Pilot governed under Geneva Convention, India seeks return


NEW DELHI:  Indian Air Force’s Wing Commander Abhinandan Varthaman, in Pakistani custody after his plane was shot down on Wednesday, will be governed under the Geneva Convention of 1929.
“There is only one pilot under Pakistan army’s custody. Wing Comd Abhi Nandan is being treated as per norms of military ethics,” Pakistani military spokesperson Major General Asif Ghafoor said on Twitter as tension between the two countries escalated.

The rules protecting Prisoners of War (POWs) are specific. They were first detailed in the 1929 Geneva Convention and later amended in the third 1949 Geneva Convention following the lessons of World War II.
According to the rules, the status of POW only applies in international armed conflict. “POWs are usually members of the armed forces of one of the parties to a conflict who fall into the hands of the adverse party,” the Convention states.

It says POWs cannot be prosecuted for taking a direct part in hostilities.“Their detention is not a form of punishment, but only aims to prevent further participation in the conflict. They must be released and repatriated without delay after the end of hostilities.
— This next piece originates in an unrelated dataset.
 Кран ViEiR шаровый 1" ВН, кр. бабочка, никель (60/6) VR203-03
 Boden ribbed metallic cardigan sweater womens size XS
The detaining power may prosecute them for possible war crimes, but not for acts of violence that are lawful under International Humanitarian Law,” it says.
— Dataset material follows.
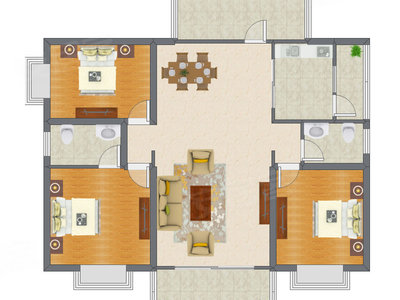 3室2厅 131.46平米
The rules specify that POWs must be treated humanely in all circumstances.

“They are protected against any act of violence, as well as against intimidation, insults and public curiosity,” the Geneva Convention states.
Meanwhile, India today demanded immediate and safe return of its IAF pilot Abhinandan, captured by Pakistan after an aerial confrontation, and strongly objected to the neighbouring country’s “vulgar display” of an injured defence personnel in violation of international norms.
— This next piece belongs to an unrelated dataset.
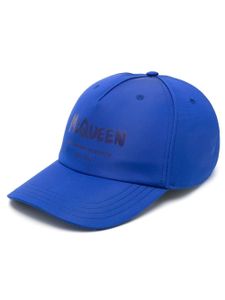 Alexander McQueen casquette à imprimé Graffiti - Bleu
Summoning Pakistan’s Acting High Commissioner Syed Haider Shah to lodge a strong protest at “the unprovoked act of aggression” by Pakistan including targeting of military posts, the External Affairs Ministry said the envoy was clearly told that India reserves the right to take “firm and decisive action to protect its national security”.
India also made it clear to Pakistan that no harm should be caused to the Indian defence personnel, the External Affairs Ministry said.
In its sharp-worded statement, the MEA said India has strongly objected to Pakistan’s “vulgar display” of an injured personnel of the Indian Air Force in violation of all norms of International Humanitarian Law and the Geneva Convention.
“It was made clear that Pakistan would be well advised to ensure that no harm comes to the Indian defence personnel in its custody. India also expects his immediate and safe return,” the MEA said.
The MEA lodged a strong protest at the unprovoked act of aggression by Pakistan against India, including by violation of the Indian air space and targeting of Indian military posts.“It is unfortunate that instead of fulfilling its international obligation and bilateral commitment to take credible action against terrorist entities and individuals operating from its soil, Pakistan has acted with aggression against India,” the MEA added.
“It was clearly conveyed that India reserves the right to take firm and decisive action to protect its national security, sovereignty and territorial integrity against any act of aggression or cross-border terrorism,” said the MEA.